Fender Telcaster Custom
フェンダー社は'71年頃それまでの4点止めのネックジョイントを3点止めに移行しました。このギターはその直後製造された楽器のようです。ネックの仕込角を調整する新方式を含む改良のはずだったのに思いがけない事象を招いてしまいました。移行によりネックが左右に動きやすくなったのです。しかし3点止めだけがその理由なのでしょうか?
ある期間メインで使われた後長らくほっておかれていたのでしょう。
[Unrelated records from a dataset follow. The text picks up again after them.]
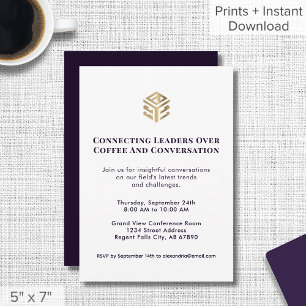 Uitnodiging voor branded networking event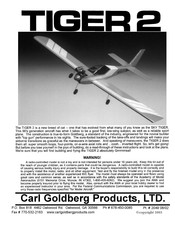 Carl Goldberg Products TIGER 2 Instruction Manual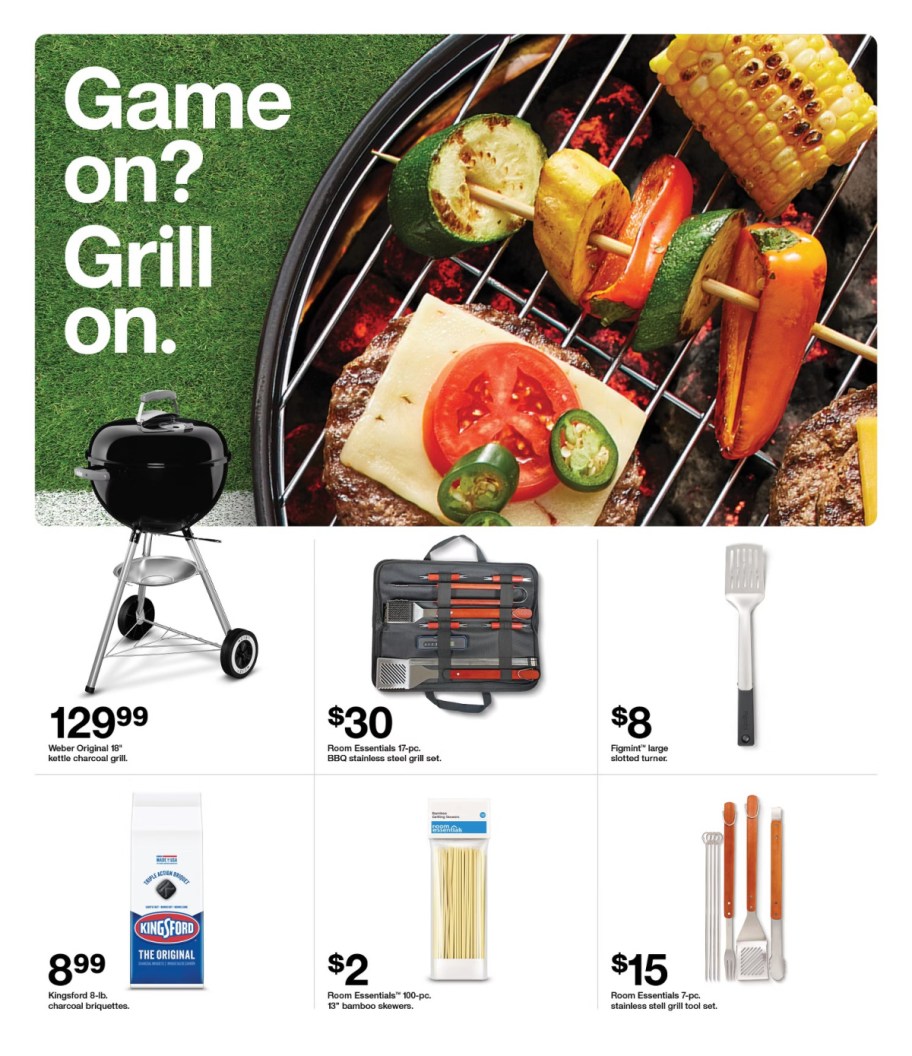 page from Target ad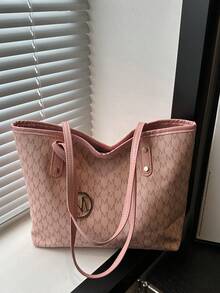 大容量女士通勤包，个性化手提包，2025新款精致小众单肩包，高品质女士包 - 彩色 - 查看 5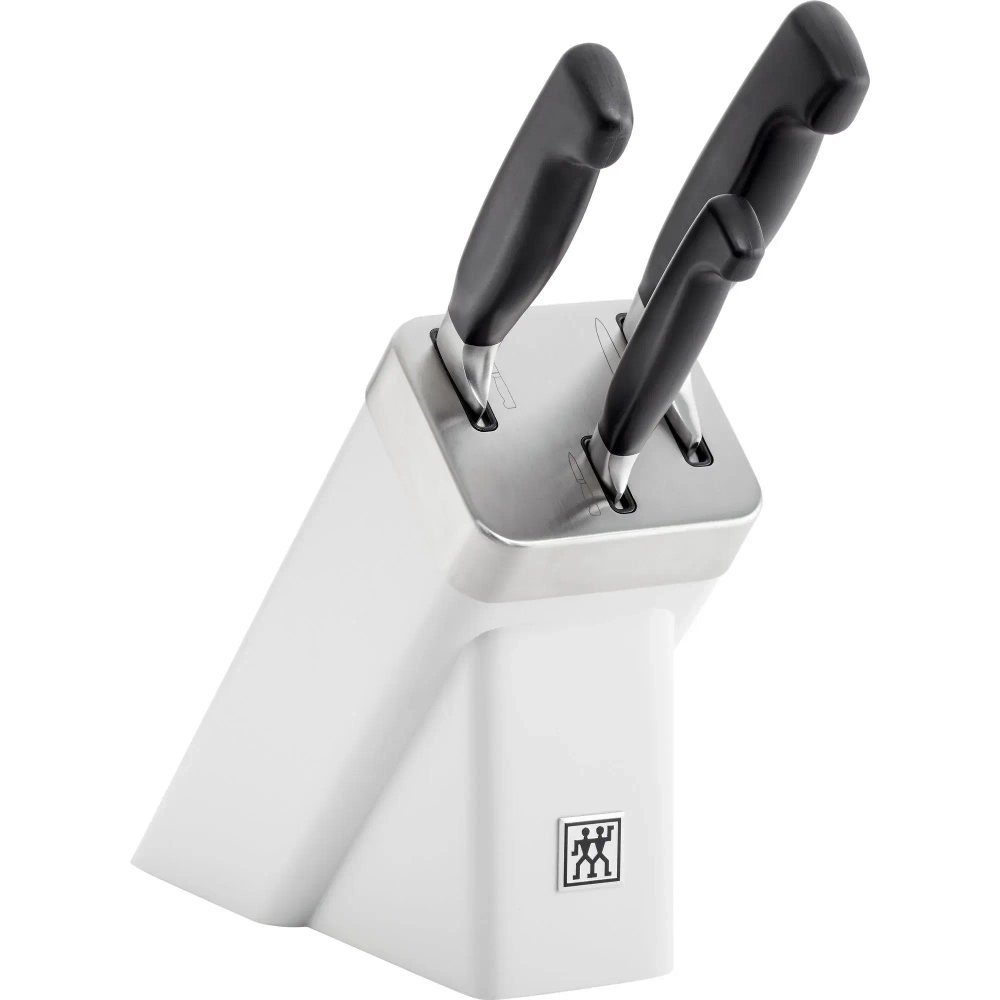 Zwilling Набор из 3 ножей в самозатачивающемся блоке Four Star белый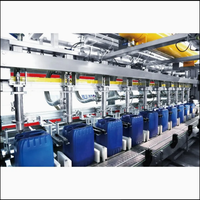 Machine d'emballage de remplissage automatique à grande vitesse pour huile de palme raffinée, pesage linéaire, trois rangées, poussée, 8-25L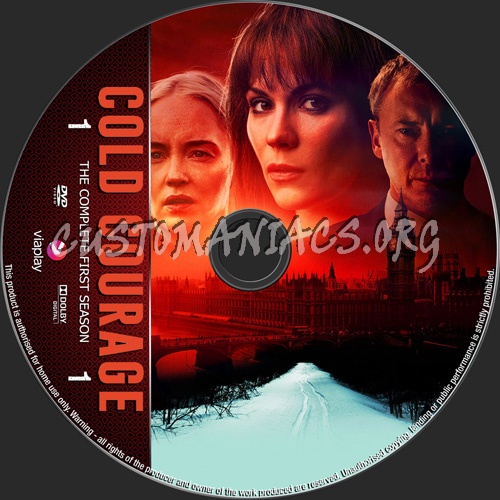 Cold Courage Season 1 dvd label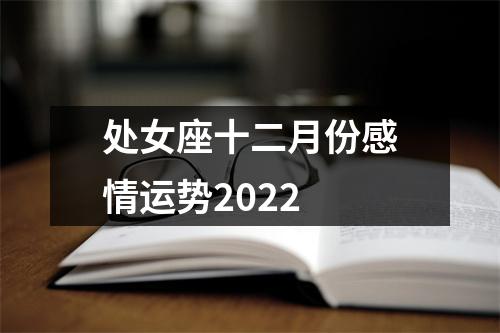 处女座十二月份感情运势2022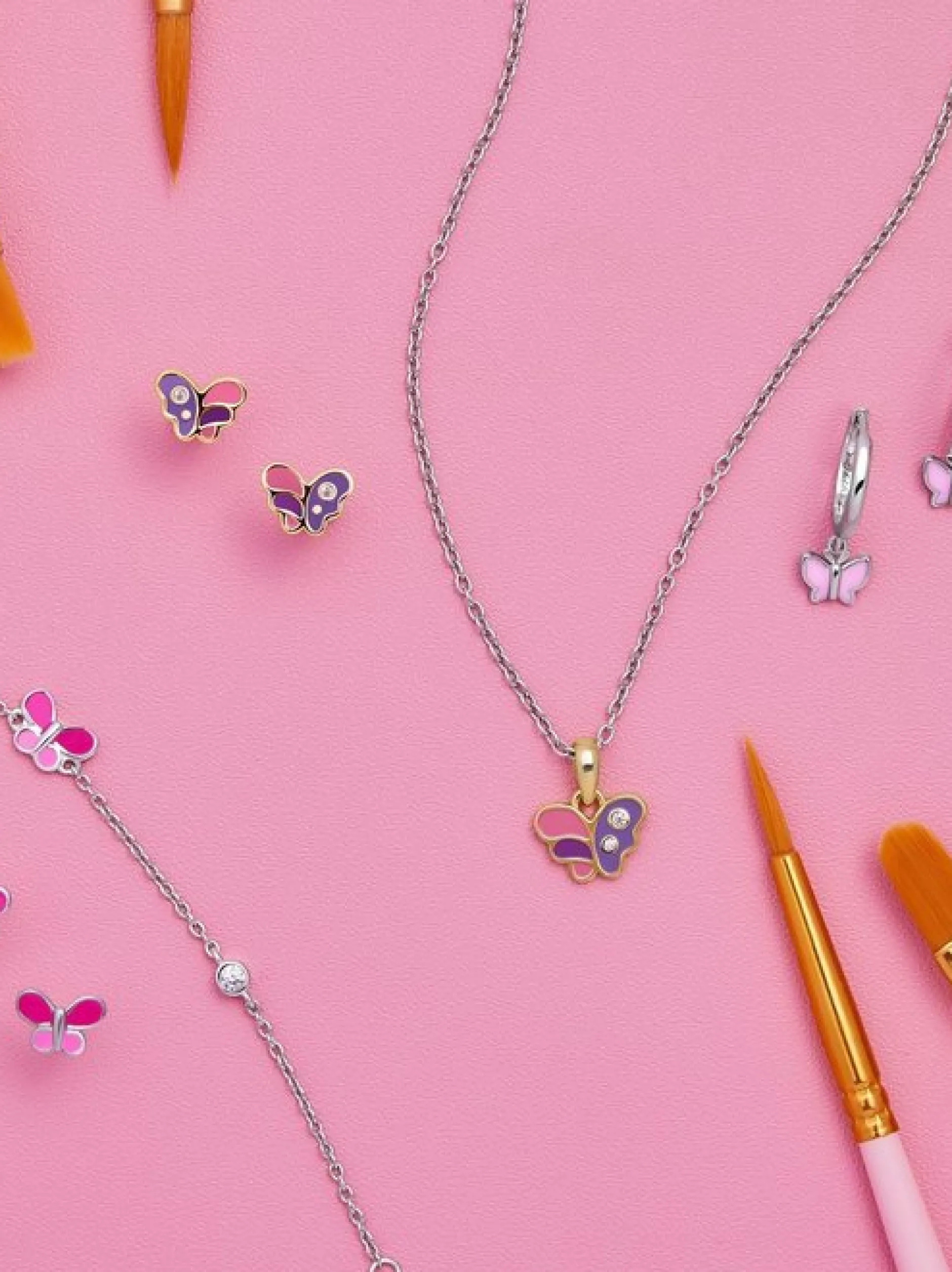 Prinzessin Lillifee Mädchen Ohrstecker in rosa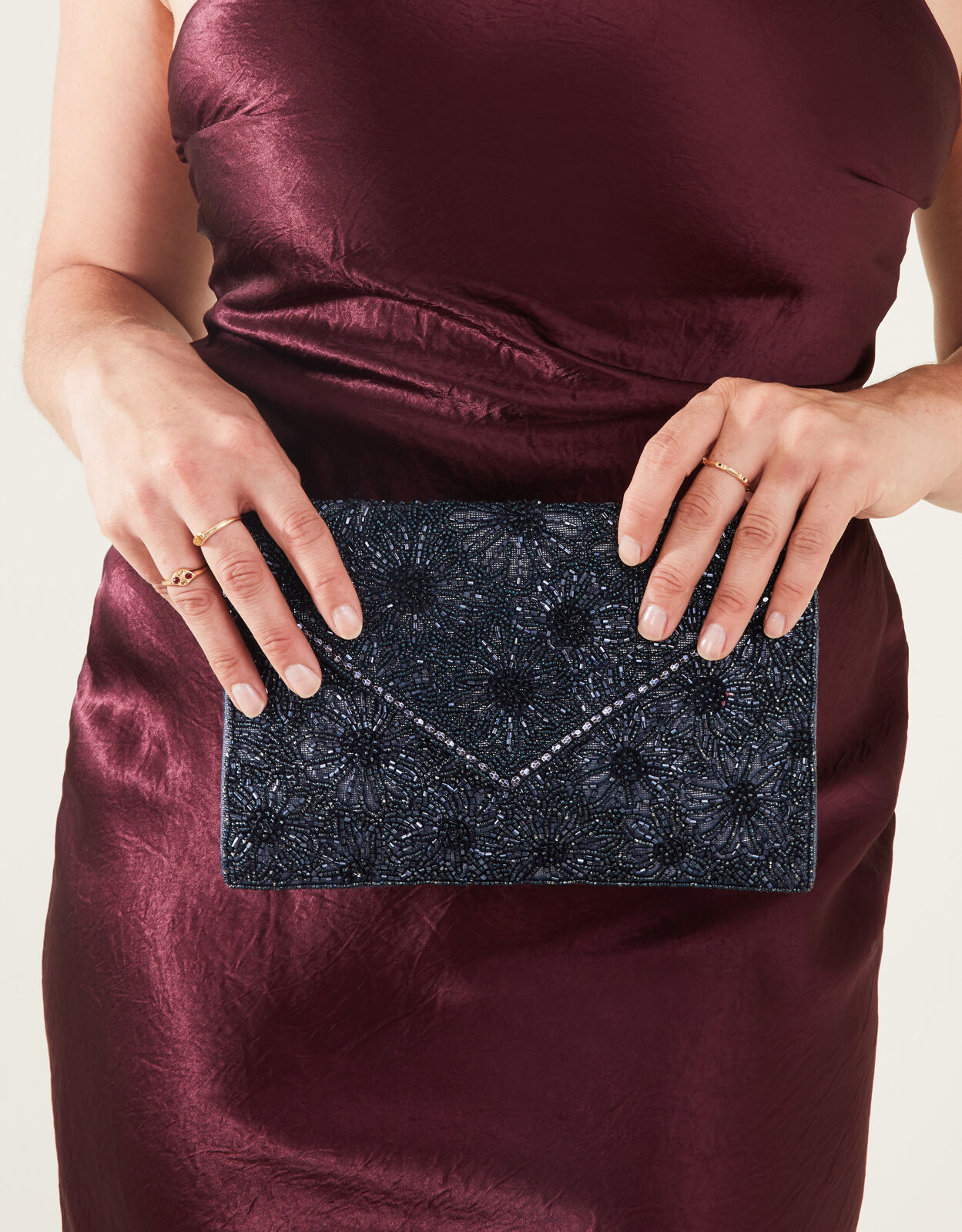 Blue Parallelogram crystal-embellished clutch bag | Kara | MATCHESFASHION US
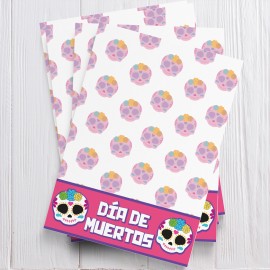 D&iacute;a de Muertos Pink - Card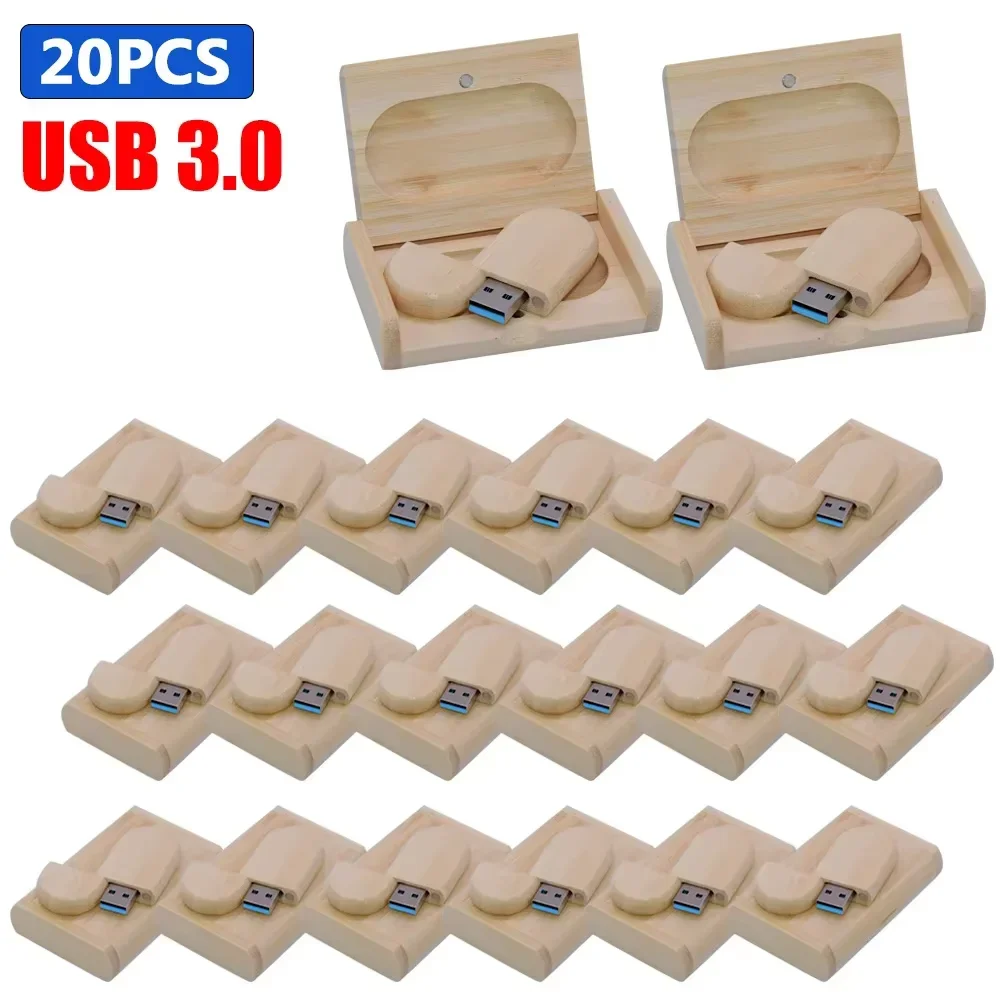 20PCS/LOT Wooden USB3.0 Flash Drives 128GB Free Logo Pen Drive 64GB 32GB 16GB Memory Stick 8GB 4GB Wedding Gift USB Disk minions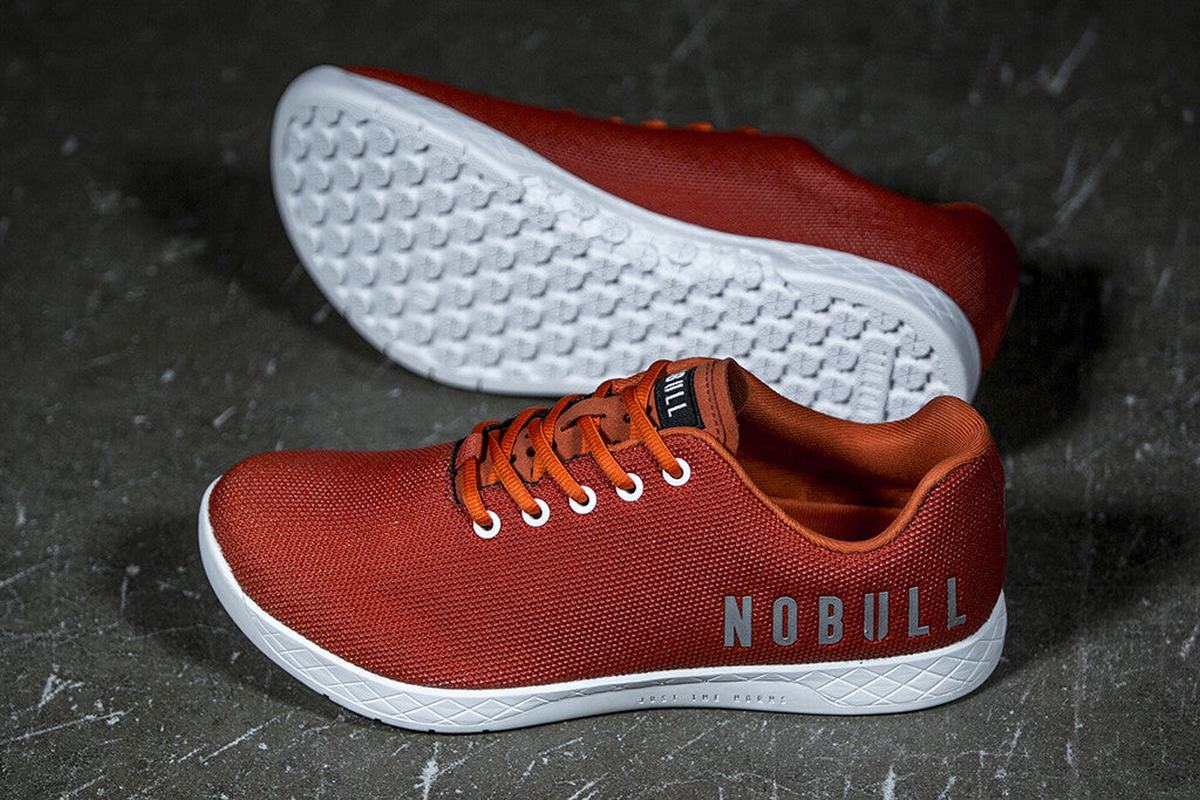 Orange Men's Nobull Superfabric Trainers | USA091632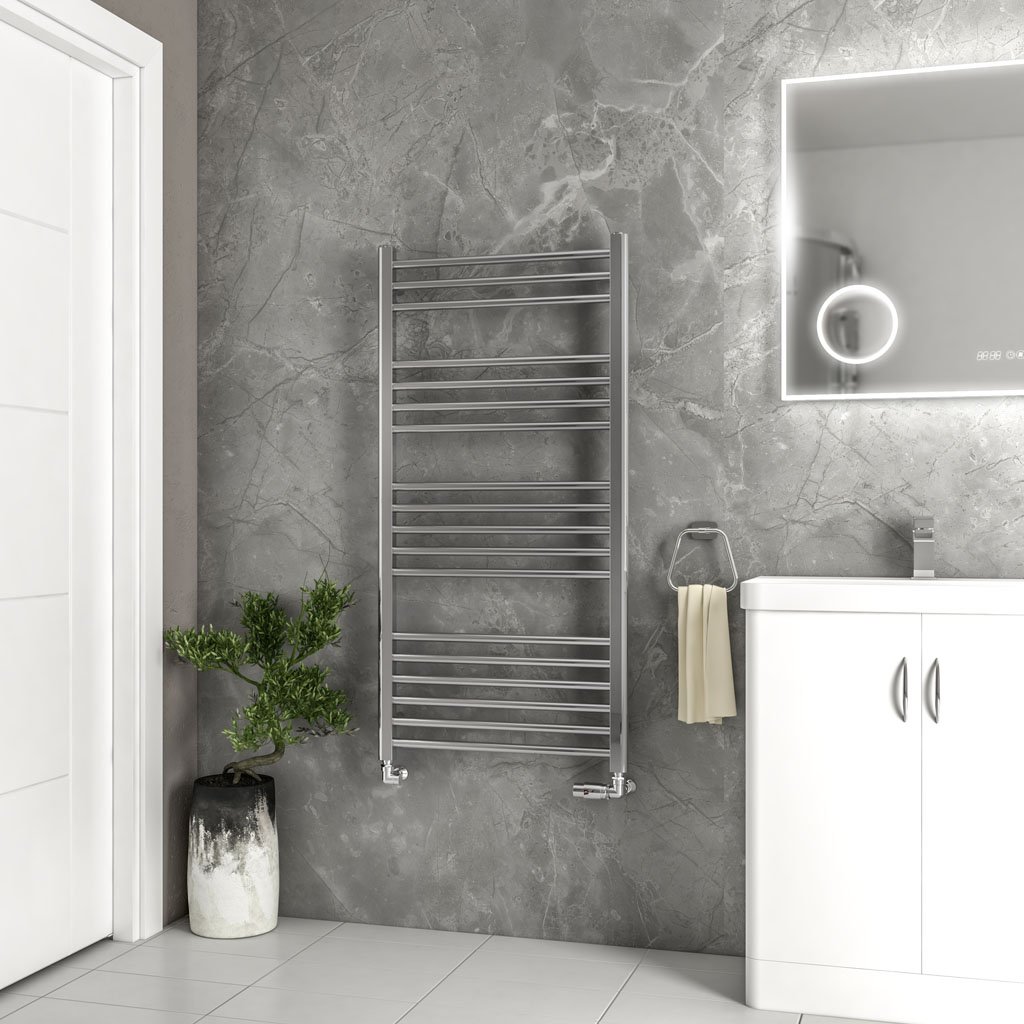 Wendover Straight Stainless Steel Multirail 1200 x 600 Mirror Polished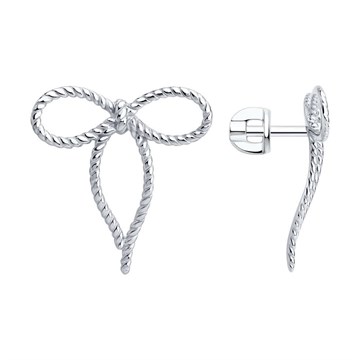 Серьги из серебра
左側の駒のスプリングは錆び付いて固まってしまい動きません。
セレクトスイッチとポットを結ぶワイヤーはWEのものに交換されているようです。
フロント用のボリュームポットは交換されているようです。
リアピックアップには金属のベースプレートがみられます。
この部分を仲介して弦をアースします。
まるでダメ夫君みたいですが、、(笑)
丸いパーツを顔にみたてると口にあたる部分が当時の新方式であるマイクロティルトです。それまではこのキャビティ内にシムと呼ばれる小板を適切な場所に敷いてネック角を調整していました。
ネックを取り付けるための3つの穴以外に2つ穴が見えます。これはボディ塗装時のハンドルを取付けるためのものです。ハンドル部分は塗料が乗らないのでキャビティの右側と左側にやや段差が生じます。これもネックが動く一因なのではと思います。
なんとか錆もとれスプリングの機能は戻りました。
フロントピックアップには6本のポールピースが見えますが
裏からみると通常のハムバッカーのように12本のポールピースが並んでいます。
へアライン状のクラックが独特の凄みを増しています。
肘のあたる部分は擦り切れピカピカ光ってます。
片側のねじが効いていませんでしたのでラミン棒を適当な大きさに削りネジ穴を再び作ります。埋めた材はほとんど削れてしまいますが。
製図用のテンプレートで作業部分を保護しています。
ジョイント部の最適な位置にシムをかませ完了。
ビンテージギターなどではネックポケットの塗装の模様がネックのジョイント面と一致するかどうかを見たりすることがあるのでポケット部は削ったりはしていません。
いいギターでした。修理後、小一時間タンノーさせていただきました。
Tさん大事にしてあげて下さいね。ありがとうございました。